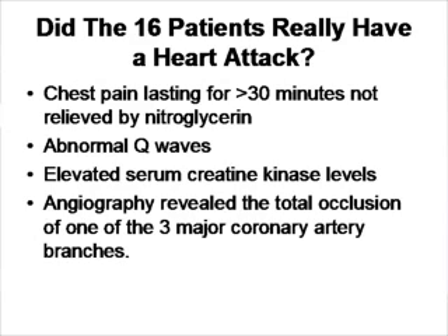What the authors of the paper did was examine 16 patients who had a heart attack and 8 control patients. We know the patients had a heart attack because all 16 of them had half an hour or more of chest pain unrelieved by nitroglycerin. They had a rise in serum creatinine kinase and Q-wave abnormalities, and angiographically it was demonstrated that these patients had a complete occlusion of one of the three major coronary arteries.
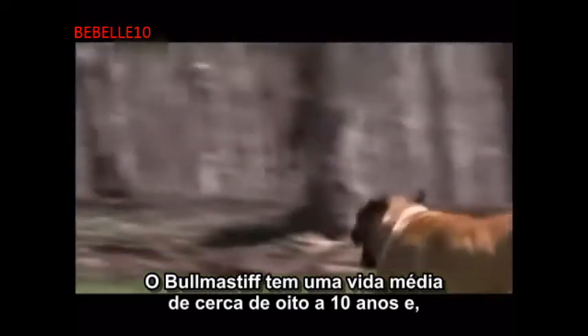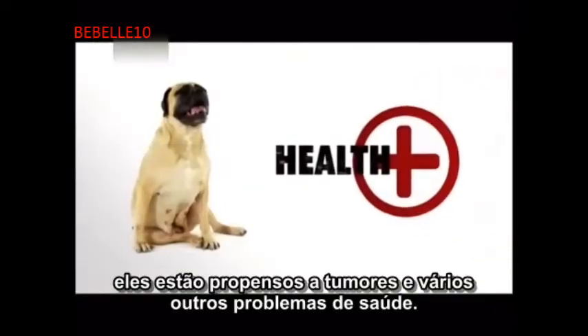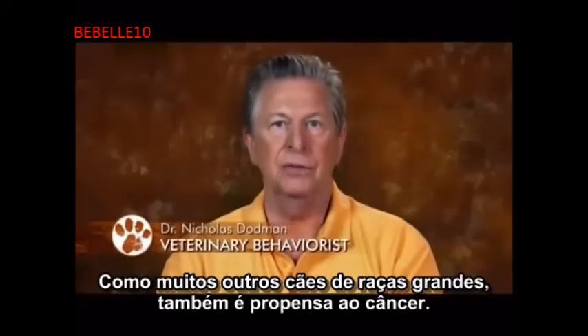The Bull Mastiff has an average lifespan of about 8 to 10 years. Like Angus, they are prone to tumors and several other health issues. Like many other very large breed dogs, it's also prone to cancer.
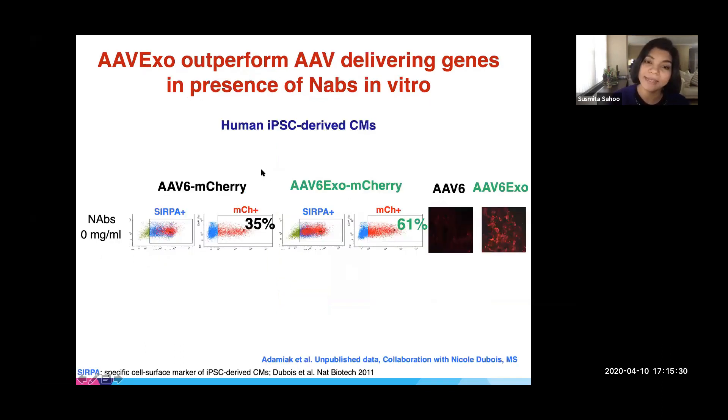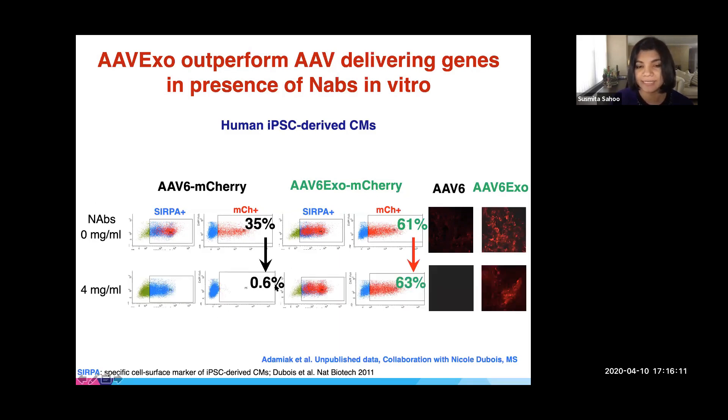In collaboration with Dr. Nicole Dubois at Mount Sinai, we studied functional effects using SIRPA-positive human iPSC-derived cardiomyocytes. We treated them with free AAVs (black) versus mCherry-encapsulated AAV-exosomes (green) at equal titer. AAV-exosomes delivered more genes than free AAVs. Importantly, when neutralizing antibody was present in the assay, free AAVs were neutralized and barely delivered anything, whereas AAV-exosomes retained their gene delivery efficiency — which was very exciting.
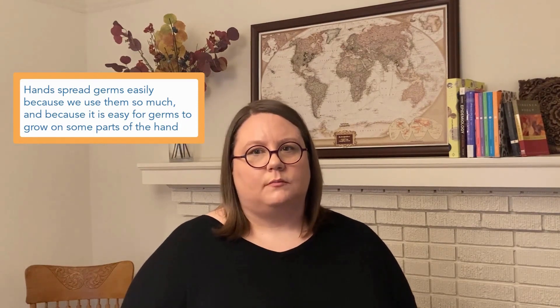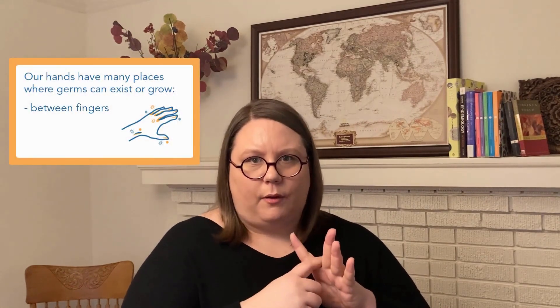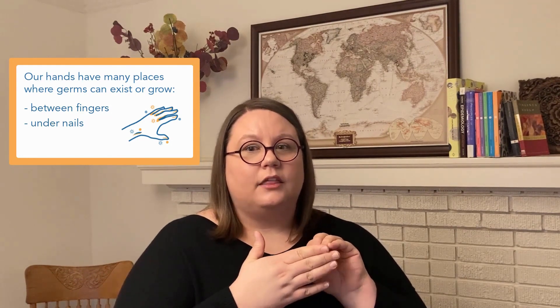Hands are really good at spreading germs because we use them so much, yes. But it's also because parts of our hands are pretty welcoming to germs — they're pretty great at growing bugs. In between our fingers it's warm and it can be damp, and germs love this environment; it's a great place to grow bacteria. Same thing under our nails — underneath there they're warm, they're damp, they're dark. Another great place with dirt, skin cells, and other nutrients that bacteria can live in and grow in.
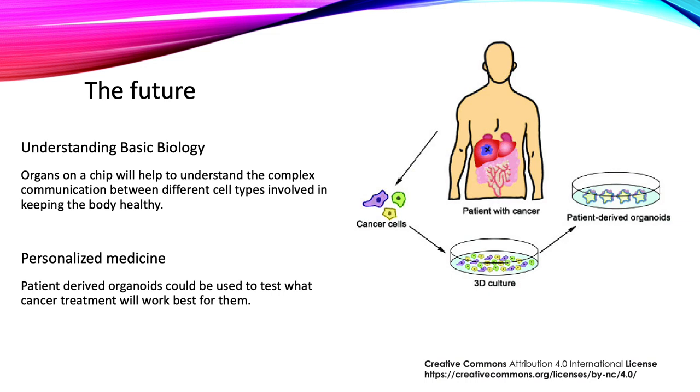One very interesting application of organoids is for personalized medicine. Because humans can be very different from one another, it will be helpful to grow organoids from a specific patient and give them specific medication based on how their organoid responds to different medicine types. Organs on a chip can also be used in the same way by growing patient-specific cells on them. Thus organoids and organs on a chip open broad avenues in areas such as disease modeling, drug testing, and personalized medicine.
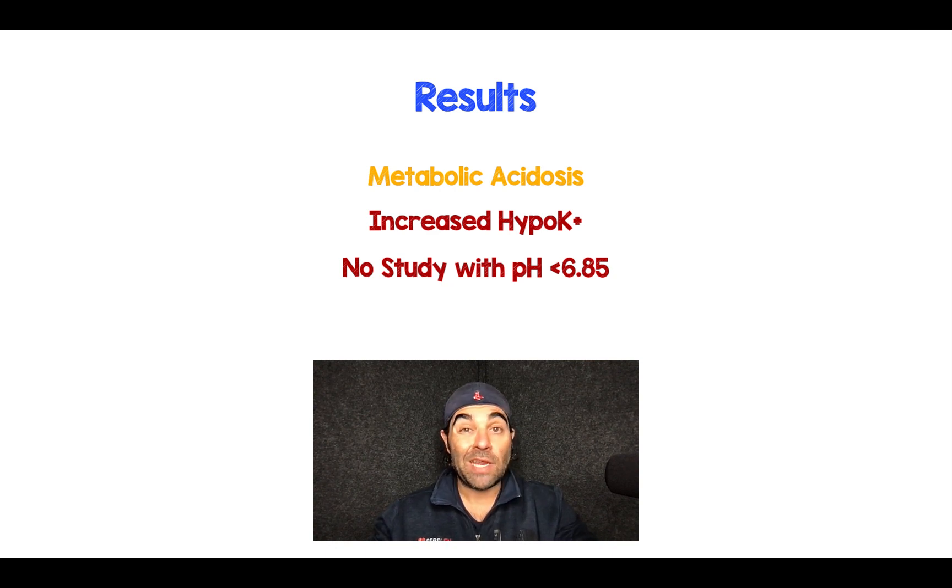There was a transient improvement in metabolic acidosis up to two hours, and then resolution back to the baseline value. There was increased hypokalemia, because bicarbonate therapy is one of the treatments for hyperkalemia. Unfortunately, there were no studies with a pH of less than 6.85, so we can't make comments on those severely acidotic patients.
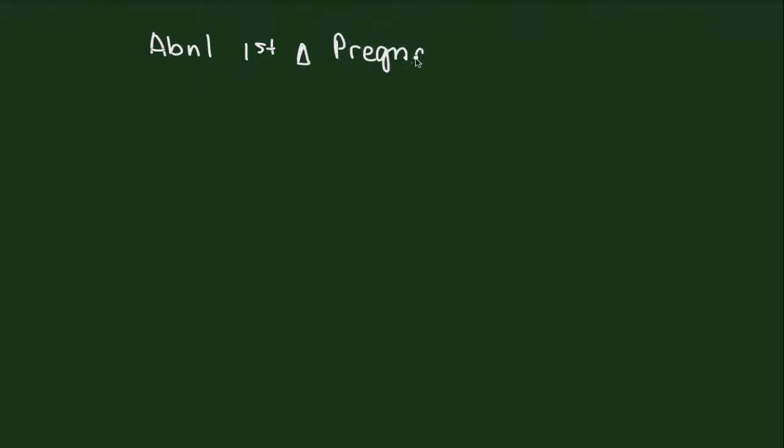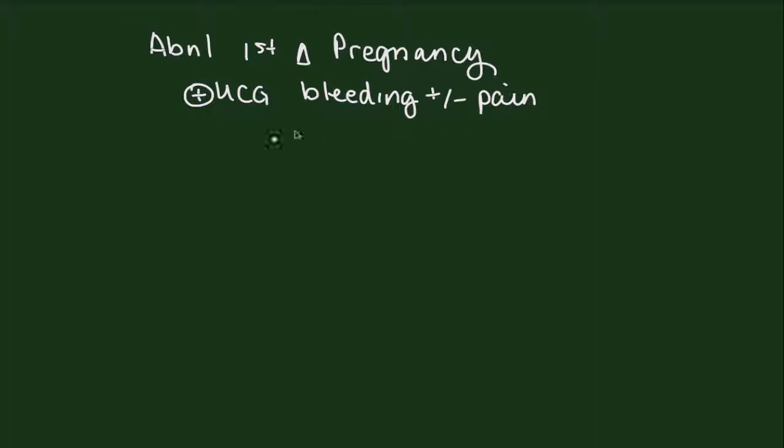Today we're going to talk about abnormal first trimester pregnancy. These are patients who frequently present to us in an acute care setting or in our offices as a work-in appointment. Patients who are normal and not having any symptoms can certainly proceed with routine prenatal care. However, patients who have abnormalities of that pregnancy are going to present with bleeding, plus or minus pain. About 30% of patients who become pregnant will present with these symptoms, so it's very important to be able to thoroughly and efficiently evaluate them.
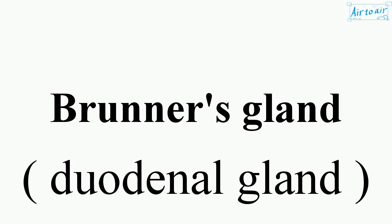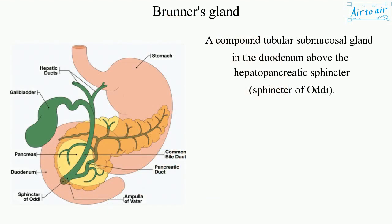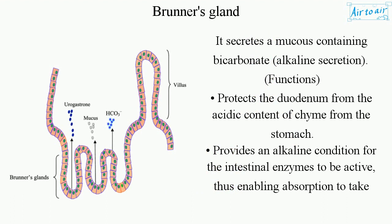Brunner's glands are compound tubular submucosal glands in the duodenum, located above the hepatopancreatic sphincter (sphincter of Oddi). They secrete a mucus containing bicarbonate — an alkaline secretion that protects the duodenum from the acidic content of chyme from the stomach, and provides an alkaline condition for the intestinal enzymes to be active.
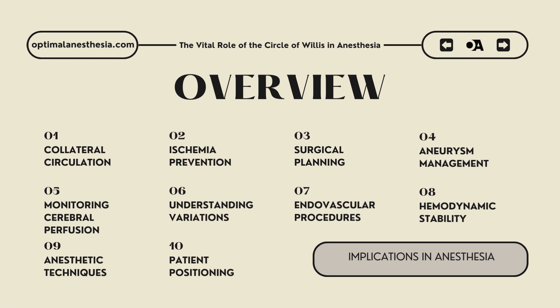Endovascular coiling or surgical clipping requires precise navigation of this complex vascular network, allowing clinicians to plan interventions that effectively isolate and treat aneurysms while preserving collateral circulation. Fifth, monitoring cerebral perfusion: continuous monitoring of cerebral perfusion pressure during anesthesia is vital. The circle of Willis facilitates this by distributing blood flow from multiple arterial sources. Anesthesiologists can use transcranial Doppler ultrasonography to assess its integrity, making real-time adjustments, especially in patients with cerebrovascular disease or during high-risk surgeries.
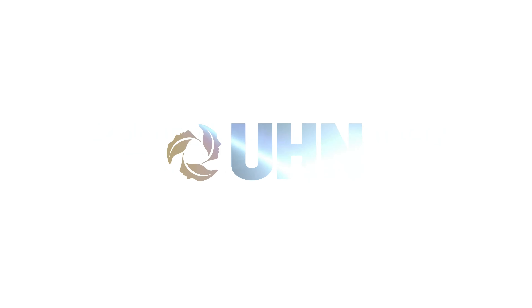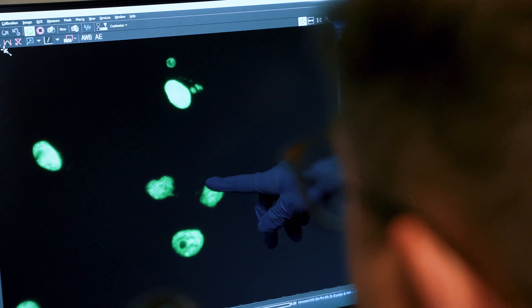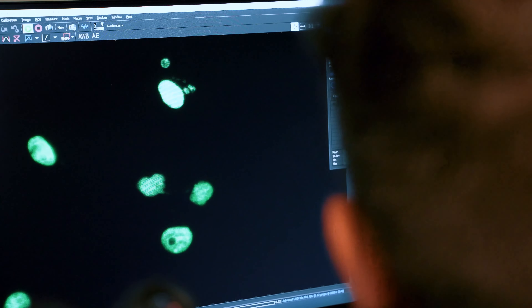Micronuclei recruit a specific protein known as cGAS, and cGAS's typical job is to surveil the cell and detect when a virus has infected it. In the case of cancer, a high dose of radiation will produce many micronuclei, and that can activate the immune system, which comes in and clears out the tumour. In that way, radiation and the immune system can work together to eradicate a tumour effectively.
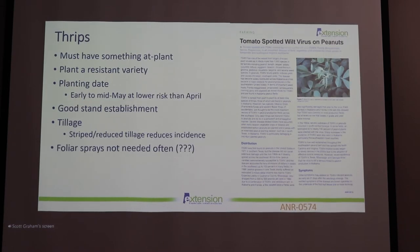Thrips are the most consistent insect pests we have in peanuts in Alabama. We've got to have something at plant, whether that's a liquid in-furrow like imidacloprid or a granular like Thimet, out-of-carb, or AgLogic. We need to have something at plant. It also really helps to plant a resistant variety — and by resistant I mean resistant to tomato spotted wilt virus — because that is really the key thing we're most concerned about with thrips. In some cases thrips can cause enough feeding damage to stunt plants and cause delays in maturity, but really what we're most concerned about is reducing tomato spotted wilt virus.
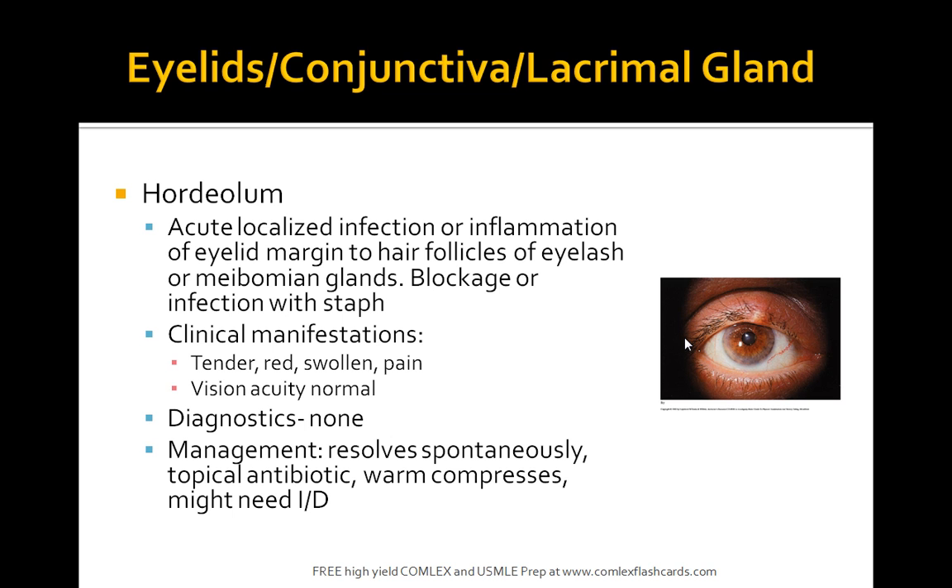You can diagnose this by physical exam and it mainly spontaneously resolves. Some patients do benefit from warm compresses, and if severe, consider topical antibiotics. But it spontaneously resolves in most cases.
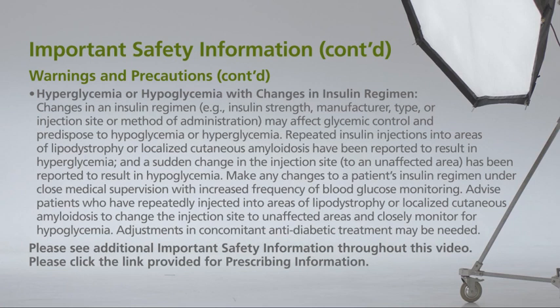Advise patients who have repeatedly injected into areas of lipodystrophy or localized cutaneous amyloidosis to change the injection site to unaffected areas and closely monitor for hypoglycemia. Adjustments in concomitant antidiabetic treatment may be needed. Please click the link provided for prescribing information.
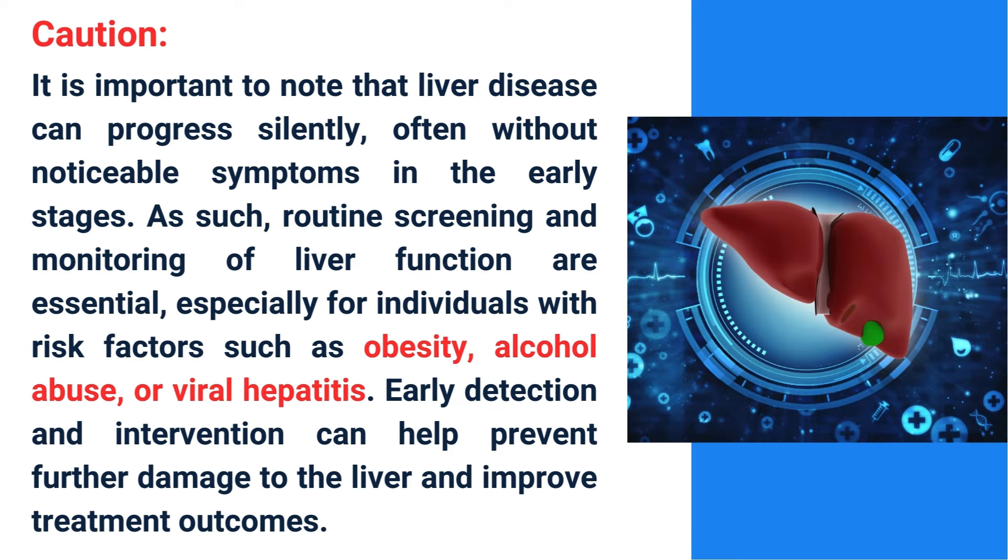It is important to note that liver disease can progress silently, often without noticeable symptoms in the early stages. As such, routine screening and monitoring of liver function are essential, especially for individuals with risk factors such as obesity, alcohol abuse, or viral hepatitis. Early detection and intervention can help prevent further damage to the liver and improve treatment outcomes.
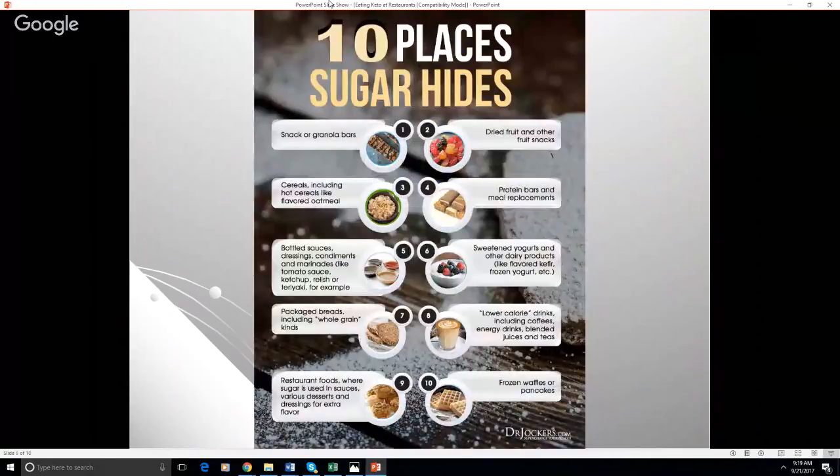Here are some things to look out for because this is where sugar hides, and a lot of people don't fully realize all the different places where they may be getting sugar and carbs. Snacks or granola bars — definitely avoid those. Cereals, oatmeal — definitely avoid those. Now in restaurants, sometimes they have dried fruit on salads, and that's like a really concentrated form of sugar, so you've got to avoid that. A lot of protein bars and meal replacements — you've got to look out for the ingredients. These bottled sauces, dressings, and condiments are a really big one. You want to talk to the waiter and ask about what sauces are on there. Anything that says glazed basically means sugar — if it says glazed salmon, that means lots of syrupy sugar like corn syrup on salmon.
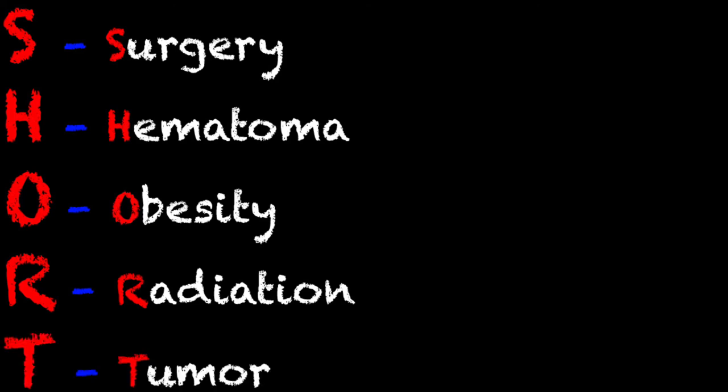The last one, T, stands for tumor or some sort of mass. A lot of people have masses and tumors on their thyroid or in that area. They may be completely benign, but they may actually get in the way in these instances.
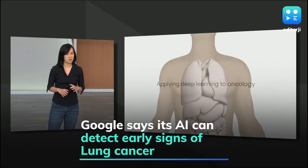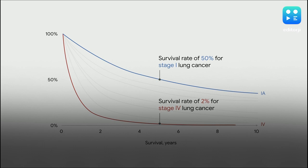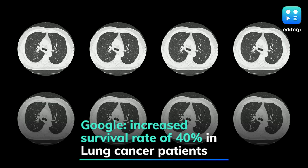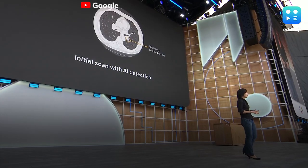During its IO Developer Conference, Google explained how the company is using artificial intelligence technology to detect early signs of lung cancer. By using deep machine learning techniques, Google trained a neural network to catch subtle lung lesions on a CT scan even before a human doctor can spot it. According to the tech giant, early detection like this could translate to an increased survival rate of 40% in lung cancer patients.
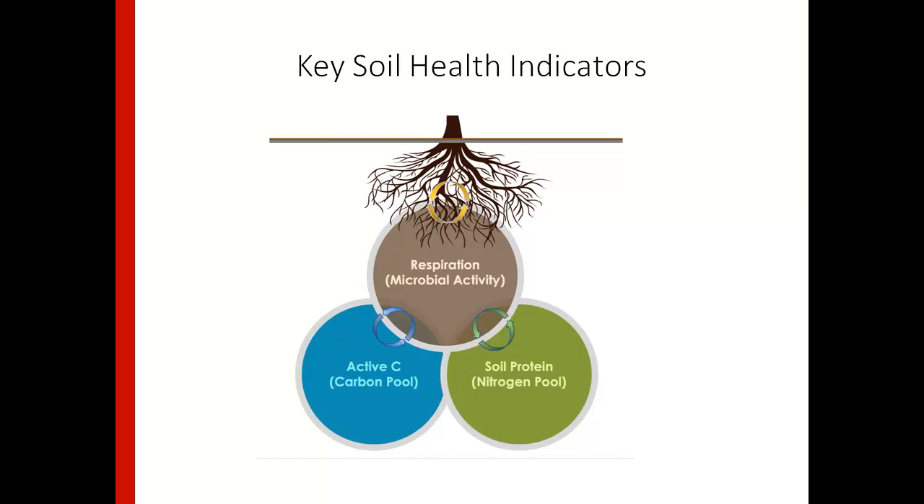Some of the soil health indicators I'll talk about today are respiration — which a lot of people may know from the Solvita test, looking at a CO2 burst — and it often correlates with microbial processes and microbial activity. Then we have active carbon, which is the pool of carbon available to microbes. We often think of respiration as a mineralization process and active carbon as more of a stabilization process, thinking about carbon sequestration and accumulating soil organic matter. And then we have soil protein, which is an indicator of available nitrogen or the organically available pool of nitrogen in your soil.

----

• _PROBLEM TO SOLVE_:
I'd like the lines above repeated exactly, from the one that contains "In collaboration with" through the one that contains "There was a", with no pictures.

• _EXPECTED ANSWER_:
In collaboration with Dr. Nicole Dubois at Mount Sinai, we studied functional effects using SIRPA-positive human iPSC-derived cardiomyocytes. We treated them with free AAVs (black) versus mCherry-encapsulated AAV-exosomes (green) at equal titer. AAV-exosomes delivered more genes than free AAVs. Importantly, when neutralizing antibody was present in the assay, free AAVs were neutralized and barely delivered anything, whereas AAV-exosomes retained their gene delivery efficiency — which was very exciting.
Hands are really good at spreading germs because we use them so much, yes. But it's also because parts of our hands are pretty welcoming to germs — they're pretty great at growing bugs. In between our fingers it's warm and it can be damp, and germs love this environment; it's a great place to grow bacteria. Same thing under our nails — underneath there they're warm, they're damp, they're dark. Another great place with dirt, skin cells, and other nutrients that bacteria can live in and grow in.
One very interesting application of organoids is for personalized medicine. Because humans can be very different from one another, it will be helpful to grow organoids from a specific patient and give them specific medication based on how their organoid responds to different medicine types. Organs on a chip can also be used in the same way by growing patient-specific cells on them. Thus organoids and organs on a chip open broad avenues in areas such as disease modeling, drug testing, and personalized medicine.
There was a transient improvement in metabolic acidosis up to two hours, and then resolution back to the baseline value. There was increased hypokalemia, because bicarbonate therapy is one of the treatments for hyperkalemia. Unfortunately, there were no studies with a pH of less than 6.85, so we can't make comments on those severely acidotic patients.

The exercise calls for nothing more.